Our findings showed subarachnoid or pial hyperintensities on four (57%) of seven diagnostic images in the asymptomatic patients and in both (100%) of the symptomatic patients. As expected, these findings were seen better on FLAIR images than on T1-weighted images (32). In this series, only two (50%) of the four patients with positive findings on FLAIR images showed enhancement on T1-weighted images, and in these cases the findings were less extensive in distribution and more subtle in signal intensity than on corresponding FLAIR images. The agreement between the location of these hyperintensities and the areas of abnormal perfusion adds confidence to the opinion that our findings represent alterations in vascular permeability or hemodynamic changes based on changes in CBF. The possibility that the clinical and imaging findings are due to embolic phenomena was also entertained but was considered less likely. The dose of heparin administered was chosen empirically on the basis of previous reports of balloon test occlusion techniques and was considered adequate, although activated clotting times were not checked (8, 10, 15, 40–42). Furthermore, the clinical and imaging findings in our symptomatic patients do not support a pattern of stump-related embolic disease. Such complications have been described during and after balloon test occlusion, but patients usually exhibit focal motor findings rather than cortical deficits, and the imaging pattern of such complications is usually different (8, 14).

An additional unexpected finding was observed in three patients who showed perfusion abnormalities in the hemisphere contralateral to the artery being occluded. In one symptomatic and one asymptomatic patient there was no detectable perfusion to the contralateral hemisphere, while in one symptomatic patient there was marked delay in perfusion to the contralateral hemisphere. Once again, the contrast-enhanced FLAIR and T1-weighted images were in agreement as to location of perfusion abnormalities and T1 shortening. These findings were interpreted as representing a vascular steal phenomenon during the balloon test occlusion via collateral pathways, across a patent and functional anterior communicating artery.
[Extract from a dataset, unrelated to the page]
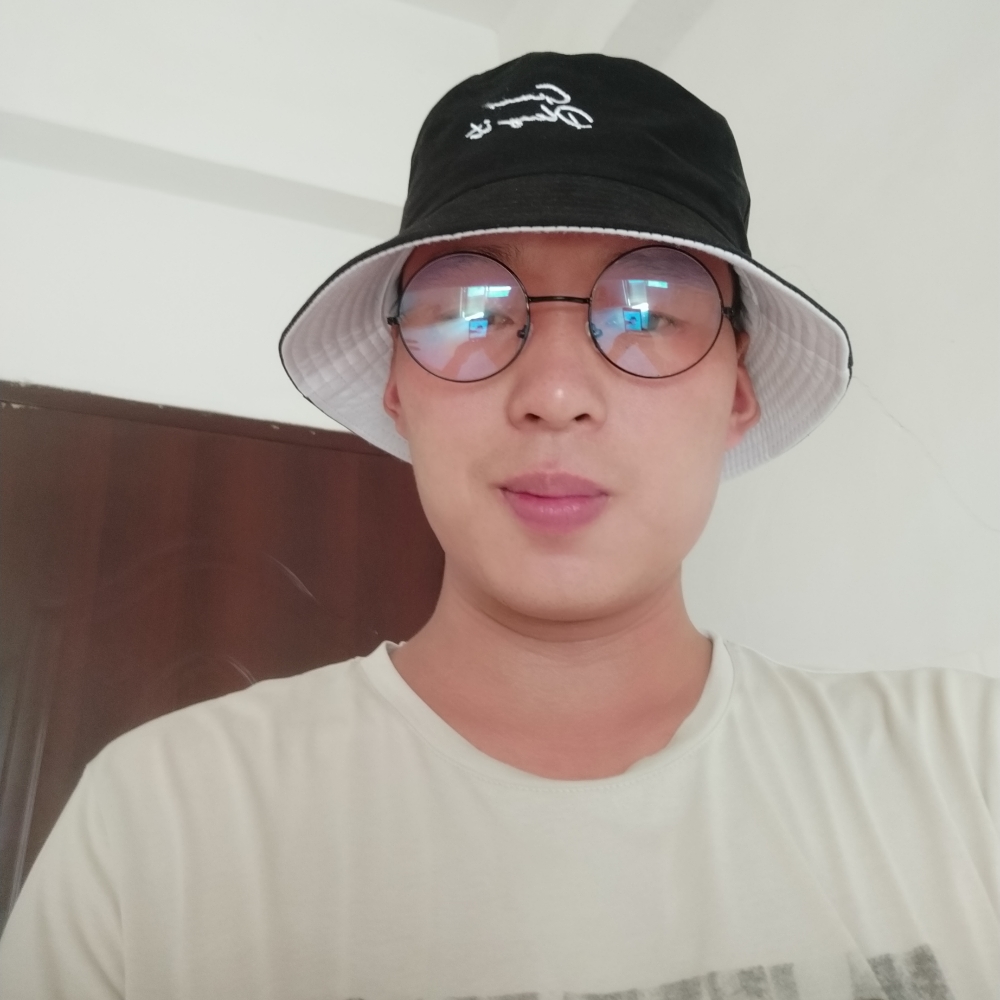 会员125215862的照片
The findings on diffusion-perfusion weighted imaging and contrast-enhanced images did not allow us to stratify patients according to risk for stroke developing after permanent ICA occlusion. Our approach to patients undergoing balloon test occlusion was deliberately conservative and based on clinical criteria. In the future, more rigorous evaluation of the pial enhancement feature of contrast-enhanced turboFLAIR imaging may be indicated.

Conclusion

In an attempt to identify patients who are at risk for permanent neurologic deficits as the result of permanent carotid occlusion during balloon test occlusion, imaging was performed in an interventional MR setting. Our findings showed that a protocol consisting of diffusion- and perfusion-weighted imaging as well as conventional spin-echo and inversion-recovery sequences is feasible and safe. Moreover, we found marked alteration in CBF to the affected hemisphere and occasionally to the contralateral hemisphere, presumably due to vascular steal. The areas demonstrating altered perfusion also showed T1 shortening over the pial surfaces or in the subarachnoid spaces, which were more constant and more prominent on FLAIR images than on T1-weighted images. On the basis of our findings and those reported previously, we conclude that this occurrence is due to hemodynamic changes or increased permeability of the leptomeningeal vessels. While these observations did not allow us to prospectively or retrospectively select patients at increased risk for stroke after permanent arterial occlusion, they may indicate subclinical ischemia; therefore, these sequences have become part of our routine MR protocol for evaluation of acute ischemia.